Trotzdem gab es wieder viel versprechende Serienstarts, überzeugende Fortsetzungen und grandiose Einzelfolgen. In den nächsten beiden Wochen werde ich hier täglich ein bis zwei Serienstaffeln vorstellen und kurz besprechen, insgesamt 30. Die Reihenfolge der Einträge ist als lockeres Ranking zu verstehen: Ich beginne mit den schlechteren Serien bzw. Staffeln und ende mit den besseren. (Der aktuelle Stand wird in dieser Übersicht festgehalten, die auch jederzeit über die rechte Seitenleiste zugänglich ist.)

In den letzten beiden Jahren wurde mein »Besuch im Serienland« im Online-Feuilleton satt.org sowie auf der Website serienjunkies.de veröffentlicht. Dieser dritte Teil geht nun mit 30 besprochenen Serien deutlich über die Vorgängerlisten hinaus und konstituiert sich daher zuerst hier im Umblätterer.

Warum räumen wir irgendwelchen US-Serien soviel
Platz in einem dedizierten Feuilleton-Blog ein?

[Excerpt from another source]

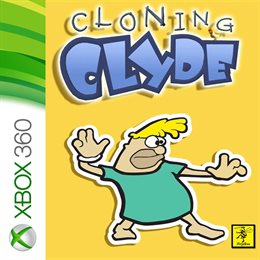 Aperçu Cloning Clyde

Es wurde hier schon oft betont, insgesamt wird aber noch viel zu wenig darüber berichtet: dass die derzeitigen US-Serien hinsichtlich ihrer ideenreichen Narration, der durchdringenden Figuren­entwicklung und ihren messerscharfen, theatertauglichen Skripten die mit Abstand interessantesten und innovativsten Geschichten erzählen. Da kann die Romanindustrie im Moment nicht mithalten, geschweige denn die Filmindustrie. So lautet die These, die wir auch in den folgenden Beiträgen plausibilisieren wollen.

Dabei wird es vor allem um die Storykomponente gehen, um die Einschätzung von Erzählstrategien. (Achtung! Ständige Spoiler-Gefahr!) Namen der Schauspieler werden nur im Ausnahmefall genannt, auf Gossip vom Set und vonseiten der Sender wird tendenziell verzichtet. Das können die News-Seiten zum Thema, allen voran serienjunkies.de, viel besser.

(Nach dieser etwa zweiwöchigen Serienoffensive geht es auch mal wieder um Zeitungen and the likes.)